- Your answer should be delivered in devilry no later than Tuesday, 13 November at 23:59
- We assume that you have read and are familiar with IFI's requirements and guidelines for mandatory assignments:
- This is an individual assignment. You should not deliver joint submissions.
- You may redeliver in Devilry before the deadline, but include all files in the last delivery. Only the last delivery will be read!
- It should not be necessary to add any files, just edit the files that already exist in the
assignment
folder - Zip the
assigment
folder, now edited so that they contain your solutions. This is your submission. - Name your submission
<username>_in4080_submission_3
This assignment has two main parts:
- Implement basic functions and concepts
- Getting hands on experience with word2vec
The structure of the assignment are based on stubs and tests:
- Stubs are incomplete functions, where you will write the code
- Tests are are there to test the code you have written. When you pass all the tests, you may have a perfect assignment. This depends of the quality of the code, of course, and not just passing the tests ;)
You'll do one part using no libraries, and one part using libraries such as NLTK, scikit-learn and numpy.
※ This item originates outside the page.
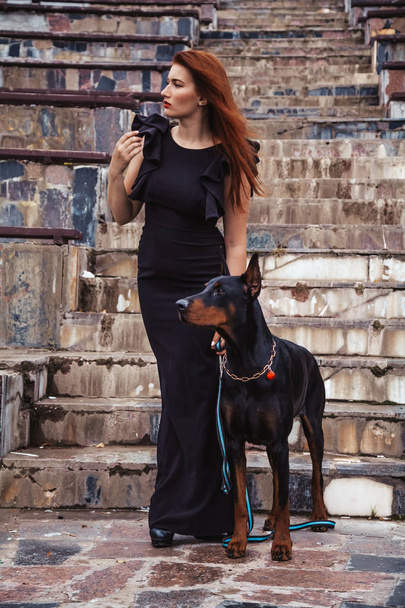 όμορφη γυναίκα ιδιοκτήτη με το σκύλο της μαύρο Ντόμπερμαν υπαίθρια Περπάτημα μαζί - Φωτογραφία, εικόνα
In the first part, you'll implement some functions and concepts we have talked about in the lectures:
- TF-IDF
- Cosine distance
- Term-document matrix
- Term-context matrix
- Find most similar document and word based on TF-IDFs
This part consist of two parts, with corresponding stubs and tests. In the first stub, you are only allowed to use basic python libraries, so nothing from the requirements
Hint: My imports in the solution are:
from collections import defaultdict
from math import log, sqrt
from typing import List, Dict, Tuple
Relevant files are:
assignment/part_one_no_libs.py.py
tests/test_part_one_no_libs.py
In part 1b, the tests you need to pass are exactly the same as in part 1, but we'll use libraries instead of implementing it all by ourselves.
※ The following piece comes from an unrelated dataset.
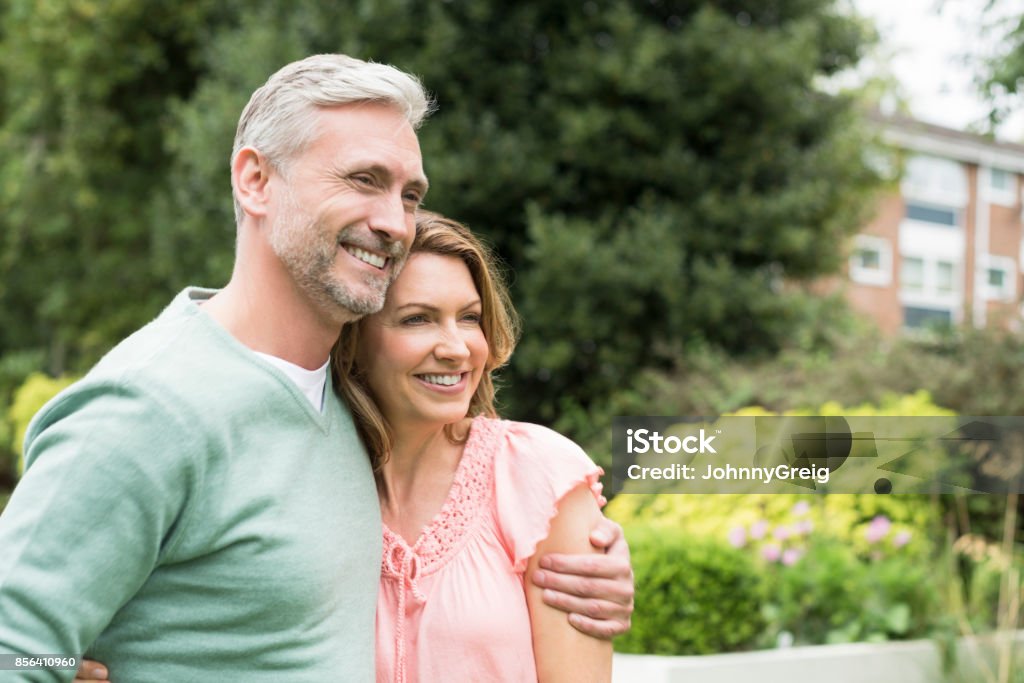 Mature man with arm around woman and looking away smiling Cheerful couple in garden, woman leaning against man, trees and shrubs in background 50-54 Years Stock Photo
Hint: My imports in the solution are:
from typing import List, Dict, Tuple
import numpy as np
from sklearn.feature_extraction.text import CountVectorizer, TfidfTransformer
from sklearn.metrics.pairwise import cosine_similarity
from nltk import ngrams
Relevant files are:
assignment/part_one_with_libs.py
tests/test_part_one_with_libs.py
Information about this part is not ready yet, and will be out soon!
How to start working:
-
Get the code from github
git clone git@github.uio.no:fredrijo/in4080-vectors.git
- See Github help if you are stuck
-
Create a python 3.6 environment for this test, e.g.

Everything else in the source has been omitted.